Far from a back-country experience but an interesting find nonetheless, the Buckeye Trail features 26 distinct sections that, together, circle the State of Ohio. Unfortunately, many of them take you straight through small towns, like Burton and Willoughby. Another nice find and a unique way to learn more about the State of Ohio, but not quite what we’re looking for.
To get a decent back-country experience, we need to head into western-Pennsylvania, in the Allegheny Forest, where I found a number of decent hiking trails, two of which I’m going to feature today.
Minister Creek Trailhead
The general consensus is that Minister Creek can be done in a day, but that it doubles nicely as a short overnight. My plan is to hit Minister Creek for a short overnight sometime this summer. With campfires and walk-in camping permitted, this 6 1/2 mile loop is “Difficult” featuring a climb to the Minister Creek Undeveloped Area. If you plan to go in spring or fall, beware that the area is heavily used for hunting, so dress appropriately (i.e. in bright fluorescent clothing).
Raccoon Creek State Park
A Pennsylvania State Park, Raccoon Creek offers 44 total miles of hiking trails with a 19 1/2 mile backpacking loop featuring two camping areas.
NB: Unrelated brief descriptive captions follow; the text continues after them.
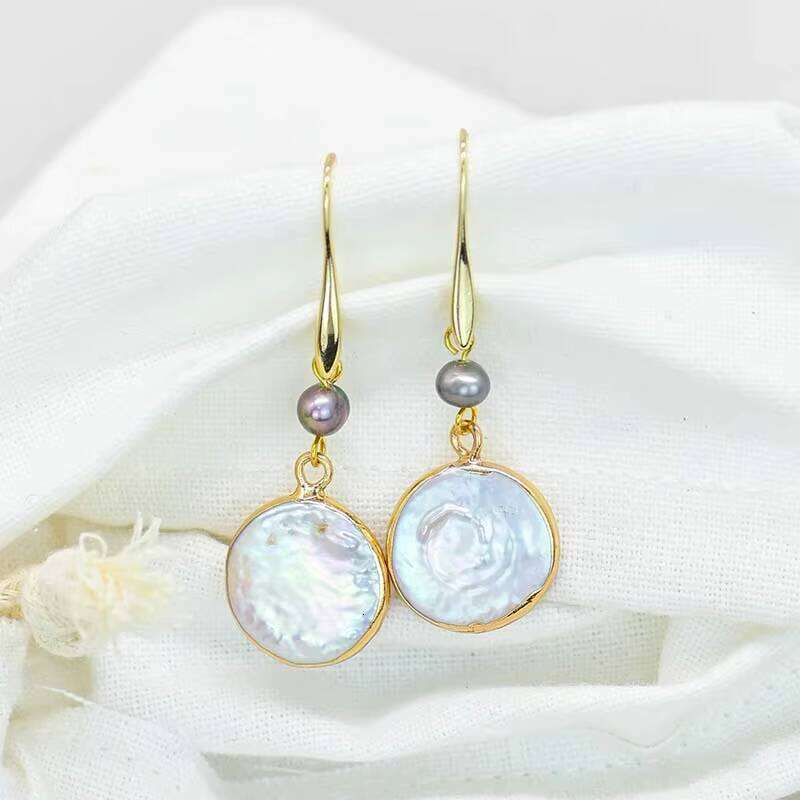 Gray Pearl Irregular Bohemian Style Earrings Water Drop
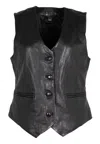 Mauritius Kiralee Rf Leather Vest In Black In Black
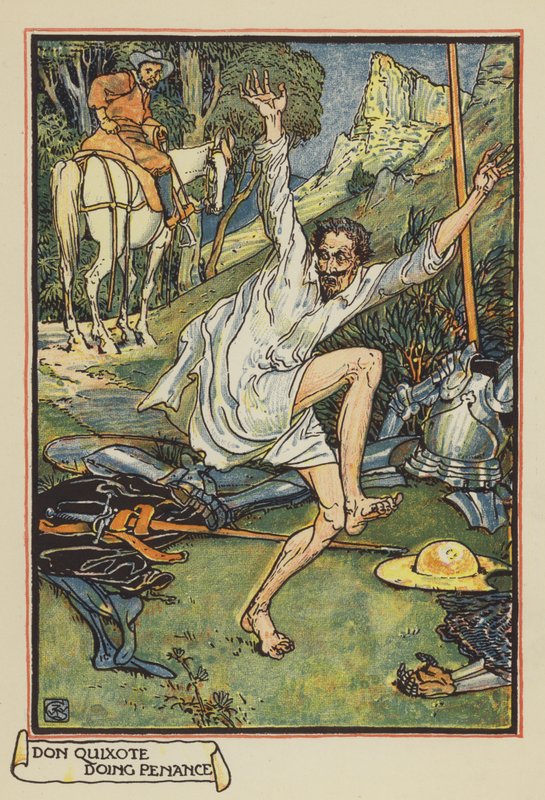 Don Kichot czyni pokutę autorstwa after Walter Crane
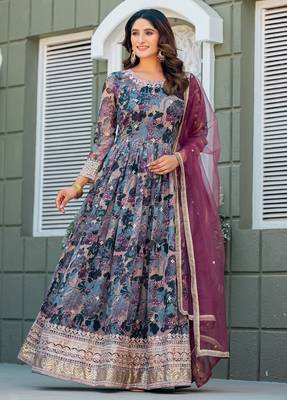 Grey Taby Silk Stitched Anarkali Suit With Thread & Sequence Work 2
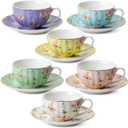 BTaT- Floral Tea Cups and Saucers Set of 6 (7 oz), Porcelain Tea Cups Set of 6, Pastel Bloom Design with Gold Trim, Dishwasher & Freezer Safe
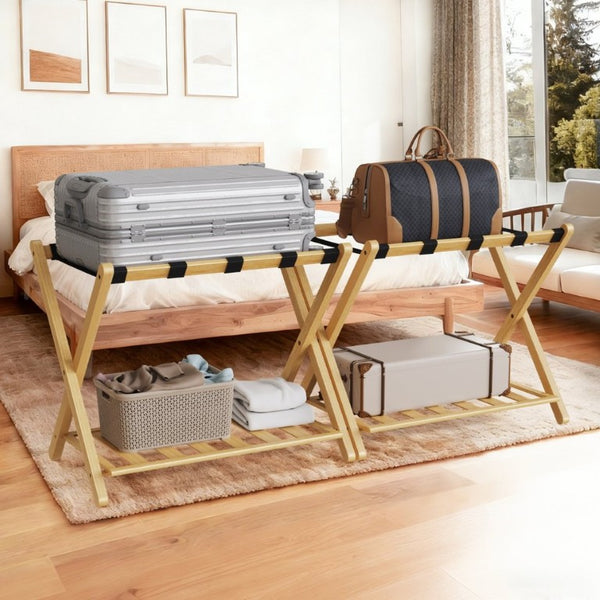 English Elm Folding Bamboo Luggage Rack Set of Two with Lower Shelf for Guest and Hotel Rooms T6325P562347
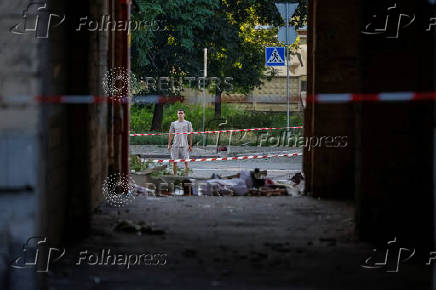 Aftermath of a Russian drone and missile attack in Kyiv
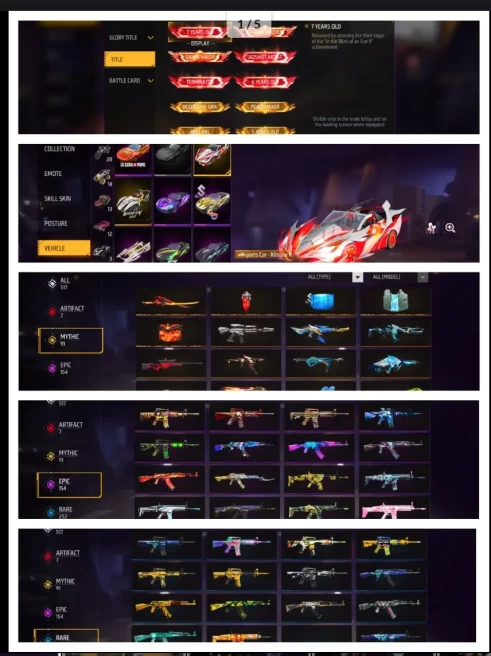 Server Latin America North LV72 | PRIME 5  | 7 HIGH EVO GUNS HIGH  | 517 WEAPON SKINS  | 229 BUNDLES  | 73 LEGENDARY EMOTES  | RAR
Located northwest of Pittsburgh, this State Park is a relatively short drive from greater-Cleveland that features a variety of different terrain and beautiful lake views.
Slippery Rock Gorge Trail
A 5.3 mile point-to-point trail, Slippery Rock Gorge Trail does not allow camping but can provide experienced hikers a with a strenuous, out-and-back day-hike. A typical mid-western trail, expect lots of green forest with some stunning views of the river. In addition to backpacking, McConnells Mill State Park offers kayaking, whitewater rafting, and climbing and rappelling.